Could you give back exactly the lines below from the one with "Hotter Bliss Mary" through the one with "Heather Grey raised", without a single picture?

Materials provided:
########
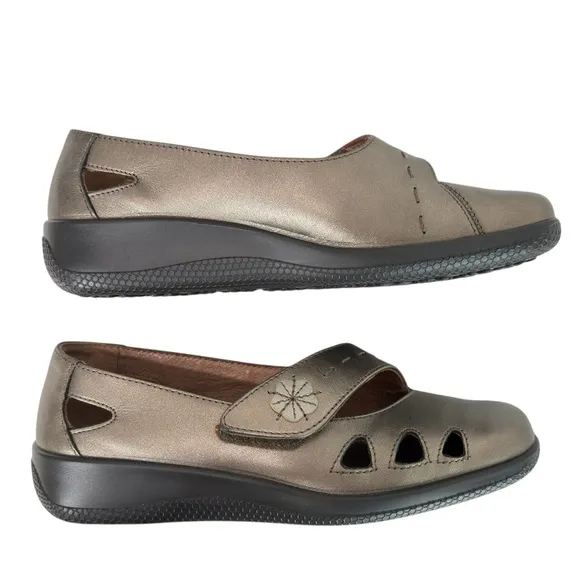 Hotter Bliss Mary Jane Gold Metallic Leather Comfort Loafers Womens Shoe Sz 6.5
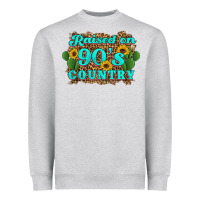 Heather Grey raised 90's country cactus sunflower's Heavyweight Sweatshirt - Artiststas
########
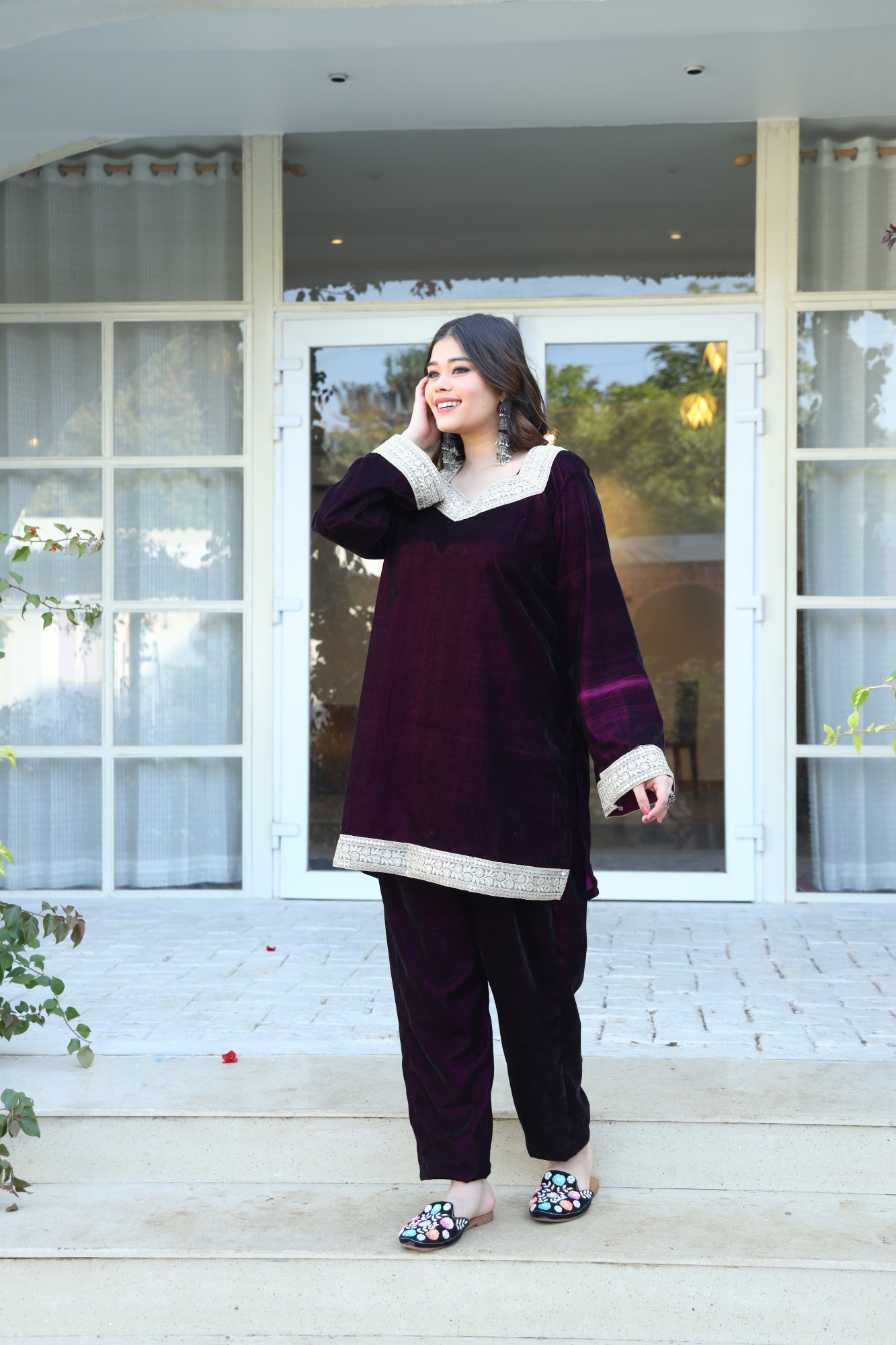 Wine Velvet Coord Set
########
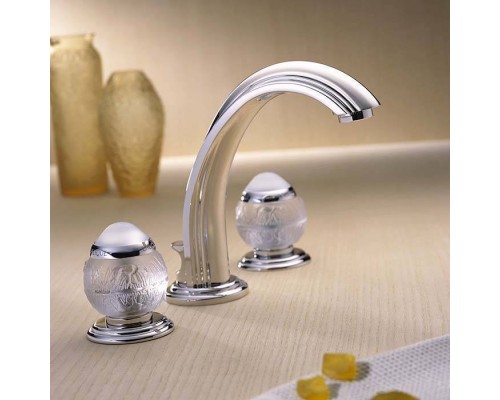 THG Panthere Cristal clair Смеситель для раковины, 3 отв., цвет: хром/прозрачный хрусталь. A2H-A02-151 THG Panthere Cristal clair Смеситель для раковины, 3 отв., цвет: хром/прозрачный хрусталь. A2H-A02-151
########
Task output:
 Hotter Bliss Mary Jane Gold Metallic Leather Comfort Loafers Womens Shoe Sz 6.5
 Heather Grey raised 90's country cactus sunflower's Heavyweight Sweatshirt - Artiststas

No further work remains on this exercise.